It's showdown time in the Republican Party, and the lines are becoming increasingly fuzzy.
Those who follow this column know that the candidacy of Ralph Reed, former national leader of the Christian Coalition, has been of particular interest to me. He is running for lieutenant governor of Georgia.
For that matter, his race has proved to be of great interest to major news organizations across the nation. The difference is that I have known Reed since he was 20 years old. We have worked together on national and regional campaigns.
I find myself in a tough position. Because I lead a company that is polling and reporting on his race, others in my organization join me in sticking to our absolute rule of nonpartisanship. That includes playing no favorites in intra-party battles.
Complicating the situation is a trend we're seeing in some states. Sophisticated, "Christian-conservative" candidates such as Reed are being linked with the likes of Randall Terry, former leader of the anti-abortion movement "Operation Rescue." Terry is now in Florida, where he is taking on that state's former state Senate president Jim King in his bid for re-election.

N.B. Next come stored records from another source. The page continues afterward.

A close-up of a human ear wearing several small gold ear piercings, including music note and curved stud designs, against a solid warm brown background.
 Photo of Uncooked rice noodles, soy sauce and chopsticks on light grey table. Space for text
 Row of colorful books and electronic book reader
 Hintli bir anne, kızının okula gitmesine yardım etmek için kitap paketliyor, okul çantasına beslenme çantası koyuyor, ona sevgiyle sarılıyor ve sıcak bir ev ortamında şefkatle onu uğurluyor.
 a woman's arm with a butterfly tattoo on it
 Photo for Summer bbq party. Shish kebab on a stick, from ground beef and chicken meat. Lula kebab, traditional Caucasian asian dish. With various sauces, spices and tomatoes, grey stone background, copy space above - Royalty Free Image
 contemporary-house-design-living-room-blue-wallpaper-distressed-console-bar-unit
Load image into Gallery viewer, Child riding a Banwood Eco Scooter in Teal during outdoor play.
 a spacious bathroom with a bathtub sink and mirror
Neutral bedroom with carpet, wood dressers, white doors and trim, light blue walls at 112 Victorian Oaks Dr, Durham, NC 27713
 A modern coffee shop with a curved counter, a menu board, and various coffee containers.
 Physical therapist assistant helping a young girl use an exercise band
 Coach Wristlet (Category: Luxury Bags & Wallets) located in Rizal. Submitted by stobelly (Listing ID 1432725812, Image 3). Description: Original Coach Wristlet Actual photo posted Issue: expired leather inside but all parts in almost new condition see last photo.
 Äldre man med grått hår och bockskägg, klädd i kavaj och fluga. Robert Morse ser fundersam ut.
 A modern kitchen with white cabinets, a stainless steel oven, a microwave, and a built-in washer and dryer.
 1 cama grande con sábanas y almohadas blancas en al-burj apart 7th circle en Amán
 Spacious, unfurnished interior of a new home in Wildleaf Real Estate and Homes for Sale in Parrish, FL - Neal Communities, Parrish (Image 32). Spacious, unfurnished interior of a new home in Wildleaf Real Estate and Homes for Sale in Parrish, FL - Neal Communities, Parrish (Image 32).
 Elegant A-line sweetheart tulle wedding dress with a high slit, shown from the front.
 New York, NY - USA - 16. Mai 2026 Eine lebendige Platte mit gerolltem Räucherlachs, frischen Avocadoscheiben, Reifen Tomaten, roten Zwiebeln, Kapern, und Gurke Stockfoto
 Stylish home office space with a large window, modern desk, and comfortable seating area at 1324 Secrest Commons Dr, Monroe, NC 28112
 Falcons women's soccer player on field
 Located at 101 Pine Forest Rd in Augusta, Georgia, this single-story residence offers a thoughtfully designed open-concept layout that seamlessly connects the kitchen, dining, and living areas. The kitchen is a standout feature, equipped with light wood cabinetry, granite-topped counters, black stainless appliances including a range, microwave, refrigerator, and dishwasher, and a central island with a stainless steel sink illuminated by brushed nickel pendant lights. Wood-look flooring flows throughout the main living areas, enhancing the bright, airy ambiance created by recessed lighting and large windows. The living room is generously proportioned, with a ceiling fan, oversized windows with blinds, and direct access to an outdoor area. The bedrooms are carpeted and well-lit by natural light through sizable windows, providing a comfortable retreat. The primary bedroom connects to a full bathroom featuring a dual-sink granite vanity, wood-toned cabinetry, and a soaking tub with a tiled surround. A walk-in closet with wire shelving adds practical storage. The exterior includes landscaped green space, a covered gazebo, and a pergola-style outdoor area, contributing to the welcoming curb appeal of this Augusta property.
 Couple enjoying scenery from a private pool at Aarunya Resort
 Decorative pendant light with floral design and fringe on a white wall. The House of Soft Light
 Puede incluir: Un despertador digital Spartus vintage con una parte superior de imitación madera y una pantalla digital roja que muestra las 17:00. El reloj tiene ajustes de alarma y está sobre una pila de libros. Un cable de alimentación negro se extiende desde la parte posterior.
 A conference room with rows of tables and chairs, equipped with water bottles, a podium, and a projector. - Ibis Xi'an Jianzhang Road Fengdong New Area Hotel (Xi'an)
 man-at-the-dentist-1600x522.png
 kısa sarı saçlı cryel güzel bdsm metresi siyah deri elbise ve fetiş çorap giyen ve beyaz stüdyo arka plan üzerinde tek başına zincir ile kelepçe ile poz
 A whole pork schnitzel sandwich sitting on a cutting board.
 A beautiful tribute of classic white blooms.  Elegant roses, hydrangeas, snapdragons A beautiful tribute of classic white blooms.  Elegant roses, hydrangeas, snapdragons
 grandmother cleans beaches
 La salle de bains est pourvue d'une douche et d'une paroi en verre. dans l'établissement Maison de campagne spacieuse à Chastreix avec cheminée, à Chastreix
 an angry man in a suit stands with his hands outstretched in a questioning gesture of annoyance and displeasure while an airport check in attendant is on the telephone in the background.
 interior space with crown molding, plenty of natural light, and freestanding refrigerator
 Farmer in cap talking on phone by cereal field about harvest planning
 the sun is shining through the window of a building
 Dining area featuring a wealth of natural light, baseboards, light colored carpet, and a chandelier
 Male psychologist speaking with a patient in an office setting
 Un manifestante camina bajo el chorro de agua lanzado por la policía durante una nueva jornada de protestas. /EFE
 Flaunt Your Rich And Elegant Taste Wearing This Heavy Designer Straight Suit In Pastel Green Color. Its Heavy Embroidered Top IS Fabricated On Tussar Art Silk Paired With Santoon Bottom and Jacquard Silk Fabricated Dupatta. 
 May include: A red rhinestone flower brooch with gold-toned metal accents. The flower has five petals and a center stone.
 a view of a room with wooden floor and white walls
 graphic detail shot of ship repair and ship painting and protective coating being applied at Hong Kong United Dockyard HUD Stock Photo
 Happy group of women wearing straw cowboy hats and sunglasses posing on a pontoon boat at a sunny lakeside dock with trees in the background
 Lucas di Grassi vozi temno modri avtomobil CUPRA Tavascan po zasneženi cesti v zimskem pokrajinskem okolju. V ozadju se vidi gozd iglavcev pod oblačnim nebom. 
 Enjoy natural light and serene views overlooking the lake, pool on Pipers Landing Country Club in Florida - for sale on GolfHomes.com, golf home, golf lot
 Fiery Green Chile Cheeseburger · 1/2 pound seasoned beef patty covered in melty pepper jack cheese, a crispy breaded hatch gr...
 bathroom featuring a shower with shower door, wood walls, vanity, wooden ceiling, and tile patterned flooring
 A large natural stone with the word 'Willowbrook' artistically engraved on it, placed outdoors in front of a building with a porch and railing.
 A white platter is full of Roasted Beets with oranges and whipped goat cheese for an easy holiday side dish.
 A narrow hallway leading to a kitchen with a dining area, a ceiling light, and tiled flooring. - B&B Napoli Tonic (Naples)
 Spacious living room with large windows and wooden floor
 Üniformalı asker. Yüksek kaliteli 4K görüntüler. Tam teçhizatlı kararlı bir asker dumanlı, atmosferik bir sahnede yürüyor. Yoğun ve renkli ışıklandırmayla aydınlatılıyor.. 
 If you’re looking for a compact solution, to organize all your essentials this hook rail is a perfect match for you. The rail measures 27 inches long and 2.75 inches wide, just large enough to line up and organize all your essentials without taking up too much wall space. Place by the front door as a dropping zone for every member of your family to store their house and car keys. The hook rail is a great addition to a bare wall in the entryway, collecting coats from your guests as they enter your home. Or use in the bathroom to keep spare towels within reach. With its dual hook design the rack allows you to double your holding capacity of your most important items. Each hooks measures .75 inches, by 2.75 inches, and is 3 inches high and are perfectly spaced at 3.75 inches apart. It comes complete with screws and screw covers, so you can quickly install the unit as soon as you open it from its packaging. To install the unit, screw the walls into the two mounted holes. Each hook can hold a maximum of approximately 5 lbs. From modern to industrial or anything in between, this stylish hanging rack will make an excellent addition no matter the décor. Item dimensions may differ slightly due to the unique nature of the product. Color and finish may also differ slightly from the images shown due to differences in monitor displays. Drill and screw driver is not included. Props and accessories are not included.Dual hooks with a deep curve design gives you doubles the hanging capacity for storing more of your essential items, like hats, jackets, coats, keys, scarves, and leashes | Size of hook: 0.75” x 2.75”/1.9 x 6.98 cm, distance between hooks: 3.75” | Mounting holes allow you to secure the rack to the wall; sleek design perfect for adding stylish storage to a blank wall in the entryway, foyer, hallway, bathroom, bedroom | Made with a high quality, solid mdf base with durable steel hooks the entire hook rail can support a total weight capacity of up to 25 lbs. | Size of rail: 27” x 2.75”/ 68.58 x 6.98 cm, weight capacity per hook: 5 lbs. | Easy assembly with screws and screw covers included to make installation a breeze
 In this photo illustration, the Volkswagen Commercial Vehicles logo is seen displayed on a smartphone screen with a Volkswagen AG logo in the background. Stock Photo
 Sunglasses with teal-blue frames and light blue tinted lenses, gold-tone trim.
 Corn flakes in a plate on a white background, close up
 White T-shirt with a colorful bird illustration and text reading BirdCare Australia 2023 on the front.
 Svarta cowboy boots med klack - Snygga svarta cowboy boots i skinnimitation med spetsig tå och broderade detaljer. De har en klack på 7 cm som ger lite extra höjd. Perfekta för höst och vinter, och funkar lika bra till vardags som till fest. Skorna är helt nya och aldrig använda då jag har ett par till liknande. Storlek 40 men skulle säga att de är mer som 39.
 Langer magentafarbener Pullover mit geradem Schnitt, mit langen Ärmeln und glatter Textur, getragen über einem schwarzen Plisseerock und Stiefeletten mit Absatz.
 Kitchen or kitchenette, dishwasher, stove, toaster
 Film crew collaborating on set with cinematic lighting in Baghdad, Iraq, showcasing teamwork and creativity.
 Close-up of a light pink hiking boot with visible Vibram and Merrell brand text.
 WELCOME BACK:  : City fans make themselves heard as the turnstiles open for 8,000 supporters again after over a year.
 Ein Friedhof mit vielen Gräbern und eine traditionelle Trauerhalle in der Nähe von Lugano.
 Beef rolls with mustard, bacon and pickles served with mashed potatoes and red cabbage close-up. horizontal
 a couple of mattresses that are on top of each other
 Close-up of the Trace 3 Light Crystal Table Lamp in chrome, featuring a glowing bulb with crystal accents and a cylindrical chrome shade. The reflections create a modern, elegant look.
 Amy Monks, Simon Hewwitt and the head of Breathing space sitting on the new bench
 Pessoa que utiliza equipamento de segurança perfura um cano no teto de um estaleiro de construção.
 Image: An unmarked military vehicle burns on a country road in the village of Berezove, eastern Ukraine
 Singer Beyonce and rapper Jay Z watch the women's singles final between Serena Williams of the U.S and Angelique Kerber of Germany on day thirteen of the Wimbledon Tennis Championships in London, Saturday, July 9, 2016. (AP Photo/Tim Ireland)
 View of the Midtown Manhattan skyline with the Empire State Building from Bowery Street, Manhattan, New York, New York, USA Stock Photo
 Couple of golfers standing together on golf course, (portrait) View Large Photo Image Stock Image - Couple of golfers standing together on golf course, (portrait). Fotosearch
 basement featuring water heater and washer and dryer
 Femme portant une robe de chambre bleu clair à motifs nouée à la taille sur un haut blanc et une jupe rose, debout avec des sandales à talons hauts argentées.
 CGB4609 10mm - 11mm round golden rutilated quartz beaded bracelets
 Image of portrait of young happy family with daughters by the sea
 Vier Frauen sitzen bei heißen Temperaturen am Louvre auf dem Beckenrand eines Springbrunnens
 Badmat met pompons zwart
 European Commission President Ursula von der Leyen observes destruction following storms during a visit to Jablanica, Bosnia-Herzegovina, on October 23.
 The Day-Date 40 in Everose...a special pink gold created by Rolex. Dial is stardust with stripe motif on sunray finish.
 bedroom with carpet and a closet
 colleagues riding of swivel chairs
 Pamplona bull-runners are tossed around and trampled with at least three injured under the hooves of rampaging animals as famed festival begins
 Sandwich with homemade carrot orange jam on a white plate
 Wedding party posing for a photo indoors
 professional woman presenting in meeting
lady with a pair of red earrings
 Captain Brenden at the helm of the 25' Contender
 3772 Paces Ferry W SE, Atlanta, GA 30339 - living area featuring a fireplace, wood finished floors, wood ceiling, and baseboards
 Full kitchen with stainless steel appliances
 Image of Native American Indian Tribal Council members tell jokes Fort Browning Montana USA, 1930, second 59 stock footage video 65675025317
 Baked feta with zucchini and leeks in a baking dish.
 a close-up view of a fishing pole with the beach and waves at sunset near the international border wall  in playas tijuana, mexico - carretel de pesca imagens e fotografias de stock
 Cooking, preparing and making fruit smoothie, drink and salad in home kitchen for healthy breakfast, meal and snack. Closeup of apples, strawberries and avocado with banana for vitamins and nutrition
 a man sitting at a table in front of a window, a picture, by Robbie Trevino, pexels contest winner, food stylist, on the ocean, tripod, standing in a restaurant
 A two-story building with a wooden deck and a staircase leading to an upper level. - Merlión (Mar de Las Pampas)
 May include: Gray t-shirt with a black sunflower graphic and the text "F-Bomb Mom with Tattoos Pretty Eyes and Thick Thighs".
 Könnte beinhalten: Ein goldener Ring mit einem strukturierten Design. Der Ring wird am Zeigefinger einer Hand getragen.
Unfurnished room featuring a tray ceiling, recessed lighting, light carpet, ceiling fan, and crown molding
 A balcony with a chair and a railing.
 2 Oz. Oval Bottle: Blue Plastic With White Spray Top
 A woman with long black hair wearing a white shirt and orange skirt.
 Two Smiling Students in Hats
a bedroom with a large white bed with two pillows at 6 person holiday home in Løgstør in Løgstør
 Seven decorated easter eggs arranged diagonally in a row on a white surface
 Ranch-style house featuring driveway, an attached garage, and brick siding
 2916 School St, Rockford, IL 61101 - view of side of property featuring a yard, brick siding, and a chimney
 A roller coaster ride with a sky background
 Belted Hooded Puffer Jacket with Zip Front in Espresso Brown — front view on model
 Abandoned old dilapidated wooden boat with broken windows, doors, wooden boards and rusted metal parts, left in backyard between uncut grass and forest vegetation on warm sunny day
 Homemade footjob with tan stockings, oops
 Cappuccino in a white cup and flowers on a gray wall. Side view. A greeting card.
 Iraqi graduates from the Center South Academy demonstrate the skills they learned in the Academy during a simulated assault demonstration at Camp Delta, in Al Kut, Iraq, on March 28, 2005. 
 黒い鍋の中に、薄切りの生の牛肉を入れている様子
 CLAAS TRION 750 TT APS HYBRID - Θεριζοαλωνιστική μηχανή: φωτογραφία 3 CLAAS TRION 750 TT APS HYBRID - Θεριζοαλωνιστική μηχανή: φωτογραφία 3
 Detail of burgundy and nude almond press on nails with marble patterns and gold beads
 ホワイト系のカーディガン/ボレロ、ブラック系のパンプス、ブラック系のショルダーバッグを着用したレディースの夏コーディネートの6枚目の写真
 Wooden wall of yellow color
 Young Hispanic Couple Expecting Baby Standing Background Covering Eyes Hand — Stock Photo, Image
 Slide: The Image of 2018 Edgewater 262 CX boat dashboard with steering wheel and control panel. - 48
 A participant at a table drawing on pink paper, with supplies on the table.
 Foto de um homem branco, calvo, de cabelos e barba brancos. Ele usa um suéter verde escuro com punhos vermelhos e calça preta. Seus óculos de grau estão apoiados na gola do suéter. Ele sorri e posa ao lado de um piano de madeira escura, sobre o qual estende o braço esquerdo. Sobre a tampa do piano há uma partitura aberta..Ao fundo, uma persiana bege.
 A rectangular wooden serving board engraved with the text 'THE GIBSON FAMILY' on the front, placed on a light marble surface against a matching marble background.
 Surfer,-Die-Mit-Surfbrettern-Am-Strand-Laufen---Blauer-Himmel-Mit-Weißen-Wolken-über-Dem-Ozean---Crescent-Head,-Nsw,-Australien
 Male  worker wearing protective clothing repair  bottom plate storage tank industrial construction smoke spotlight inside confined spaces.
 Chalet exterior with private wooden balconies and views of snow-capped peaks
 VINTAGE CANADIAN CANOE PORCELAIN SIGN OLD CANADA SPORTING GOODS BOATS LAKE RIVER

What's amazing is that Reed's ties to disgraced lobbyist Jack Abramoff, which have yet to produce any hint of a criminal indictment or even a targeted investigation of Reed, have become the center of national and even international media scrutiny.
Yet, it's Terry, last known as spokesperson for the family of "right-to-die" icon Terri Schiavo, who has in the past been characterized as a true extremist. His past includes skirmishes with the law, not to mention the Republican Party. And yet, Florida media have barely made mention of him.
To be fair, Terry insists he is a changed man; and there are always two sides to every story. This isn't a "trash Randall Terry" story.
Rather, I use his story -- or lack of one, lately -- to illustrate how a man like Reed, who served as George W. Bush's southeastern chairman in his 2004 re-election campaign, can be vilified so quickly, while candidate Terry, with a past of more tangible controversy, skates by the notice of the press.
Most significant is to consider what races like these are doing to the GOP around the nation.
In the instances of both Reed and Terry, their primary elections are expected to generate low voter turnout. In Reed's case, there is no gubernatorial contest of consequence, thus no top of the ticket to draw voters. In Terry's case, the Florida primary appears to be all but a lock for that state's perfectly polished attorney general, Charlie Crist, in his quest for the party's nomination for governor.